I need to merge one list of records with a second identically structured list, overwriting records that are duplicates. Duplicate status is determined by a unique ID. The use case is that this is a cache (for an Alfred script filter) that needs to be updated periodically.

The data structure looks like this:

This merging is easily accomplished using AppleScript’s repeat loops, if one is dealing with tens or hundreds of records. However, it becomes completely inadequate when dealing with thousands of records. So, this calls for ASObC!

I’ve been working through @ShaneStanley’s wonderful ‘Everyday AppleScriptObjC’ but it’s a lot to take in and I’ve not found a solution yet.

The simplest approach would seem to be to take every uid in list 2, check if it exists in list 1, delete that record if it does, and then concatenate the two lists. Removing the duplicated records is easy, given the removeObjectsAtIndexes: method. What I’m missing, however, is how to get the index of a record based upon the value of one of its contents—in this case the uid.

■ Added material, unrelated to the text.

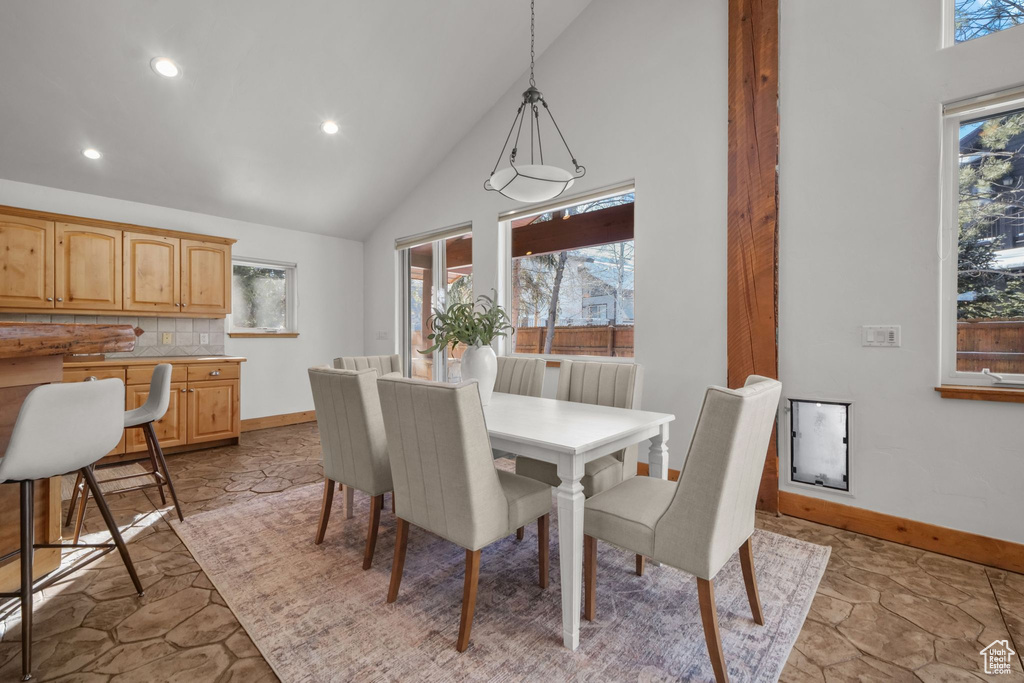 Dining area featuring high vaulted ceiling and plenty of natural light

Any advice would be greatly appreciated!

A predicate is probably the best approach. Get a list of the uids to skip, then use a predicate based on that to filter the other list.

1 Like

I’ve included two suggestions below, the first of which uses ASObjC. In both cases I changed the record labels just to simplify.

use framework "Foundation"
use scripting additions

set listOne to {{firstname:"John", gender:"male", age:"40"}, {firstname:"Jane", gender:"female", age:"30"}, {firstname:"Jane", gender:"female", age:"30"}}
set listTwo to {{firstname:"Joe", gender:"male", age:"20"}, {firstname:"Jane", gender:"female", age:"30"}}

set arrayOne to current application's NSArray's arrayWithArray:listOne
set arrayTwo to current application's NSArray's arrayWithArray:listTwo
set mergedArray to (arrayOne's arrayByAddingObjectsFromArray:arrayTwo)
set cleanedArray to current application's NSMutableArray's new()
set ageCheck to current application's NSMutableArray's new()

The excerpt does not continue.